Per the
comments,
we wish to have each process work on a 10000-row chunk. That's not too hard to
to do; see the iter/islice
recipe below. However, the problem with using
pool.map(worker, ten_thousand_row_chunks)
is that pool.map
will attempt to put all the chunks in a task queue
at once. If this requires more memory than is available then you get a
MemoryError
. (Note: pool.imap
suffers from the same problem.)
So instead, we need to call pool.map
iteratively, on pieces of each chunk.
import itertools as IT
import multiprocessing as mp
import csv
def worker(chunk):
return len(chunk)
def main():
# num_procs is the number of workers in the pool
num_procs = mp.cpu_count()
# chunksize is the number of lines in a chunk
chunksize = 10**5
pool = mp.Pool(num_procs)
largefile = 'Counseling.csv'
results = []
with open(largefile, 'rb') as f:
reader = csv.reader(f)
for chunk in iter(lambda: list(IT.islice(reader, chunksize*num_procs)), []):
chunk = iter(chunk)
pieces = list(iter(lambda: list(IT.islice(chunk, chunksize)), []))

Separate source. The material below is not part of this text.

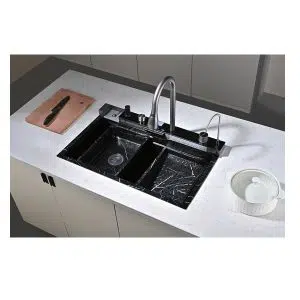 Мивка за кухня Spark 12, водопад и Smart смесител, черен мрамор | HomeZONA Мивка за кухня Spark 12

result = pool.map(worker, pieces)
results.extend(result)
print(results)
pool.close()
pool.join()
main()
Each chunk
will consist of up to chunksize*num_procs
lines from the file.
This is enough data to give all workers in the pool something to work on, but not too big as to cause a MemoryError -- provided chunksize
is not set too large.
Each chunk
is then broken into pieces, with each piece consisting of up to
chunksize
rows from the file. These pieces are then sent to pool.map
.
How does iter(lambda: list(IT.islice(iterator, chunksize)), [])
work:
This is an idiom for grouping an iterator into chunks of length chunksize.

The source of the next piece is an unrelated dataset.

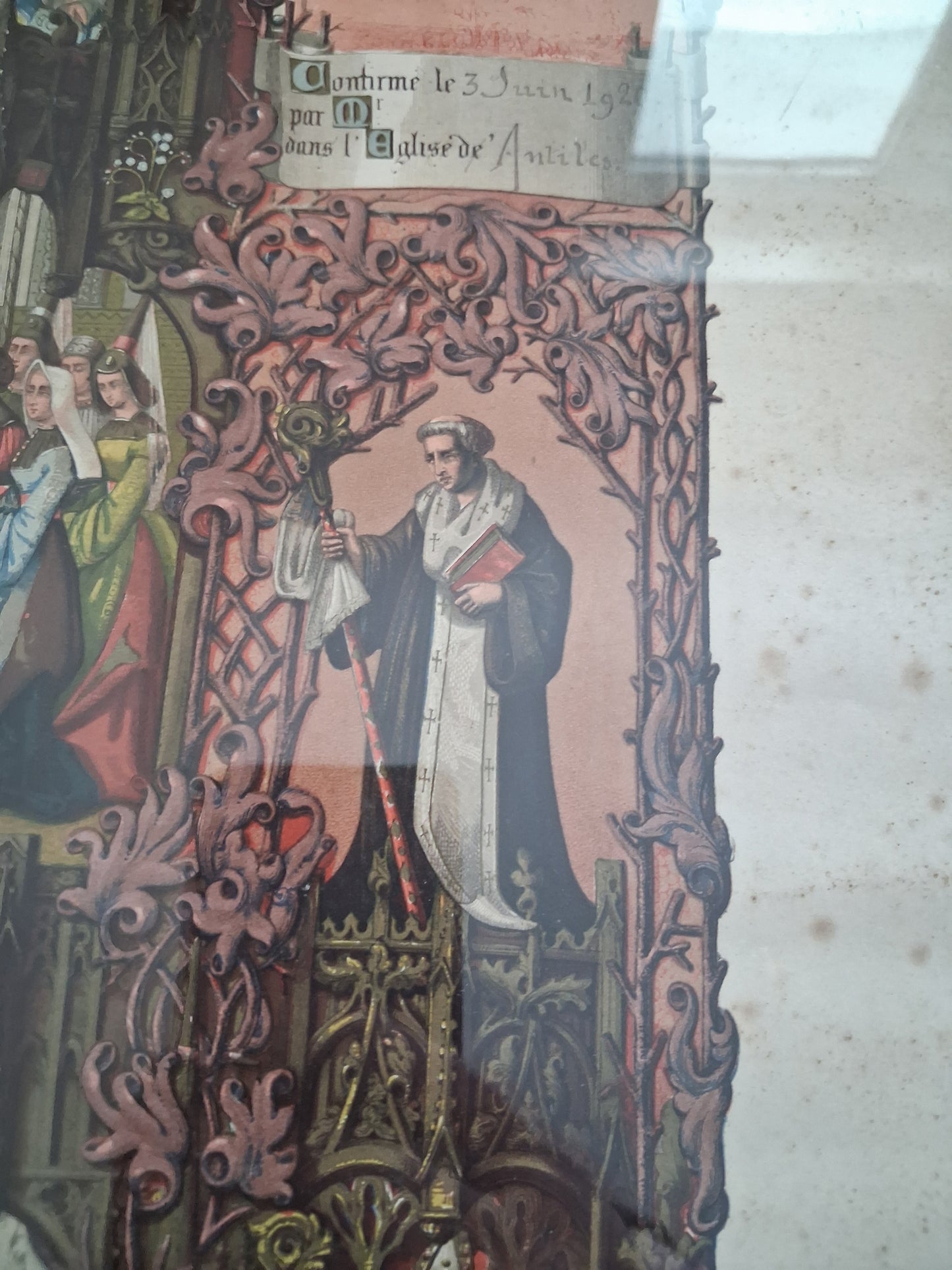 Tableau chromolithographie Archives de la famille 1919 Ancien decoration vintage catholique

Let's see how it works on an example:
In [111]: iterator = iter(range(10))
Notice that each time IT.islice(iterator, 3)
is called, a new chunk of 3 items
is sliced off of the iterator:
In [112]: list(IT.islice(iterator, 3))
Out[112]: [0, 1, 2]
In [113]: list(IT.islice(iterator, 3))
Out[113]: [3, 4, 5]
In [114]: list(IT.islice(iterator, 3))
Out[114]: [6, 7, 8]
When there are fewer than 3 items left in the iterator, only what remains is returned:
In [115]: list(IT.islice(iterator, 3))
Out[115]: [9]
And if you call it again, you get an empty list:
In [116]: list(IT.islice(iterable, 3))
Out[116]: []
lambda: list(IT.islice(iterator, chunksize))
is a function which returns list(IT.islice(iterator, chunksize))

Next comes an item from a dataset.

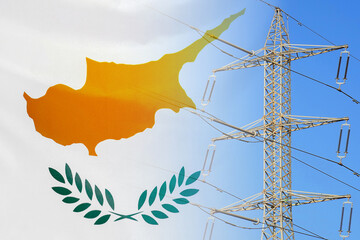 Cyprus flag on electric pole background. Power shortage and increased energy consumption in Cyprus....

when called. It is a "one-liner" which is equivalent to
def func():
return list(IT.islice(iterator, chunksize))
Finally, iter(callable, sentinel)
returns another iterator. The values yielded by this iterator are the values returned by the callable. It keeps on yielding values until the callable returns a value equal to the sentinel. So
iter(lambda: list(IT.islice(iterator, chunksize)), [])
will keep on returning the values list(IT.islice(iterator, chunksize))
until that value is the empty list:
In [121]: iterator = iter(range(10))
In [122]: list(iter(lambda: list(IT.islice(iterator, 3)), []))
Out[122]: [[0, 1, 2], [3, 4, 5], [6, 7, 8], [9]]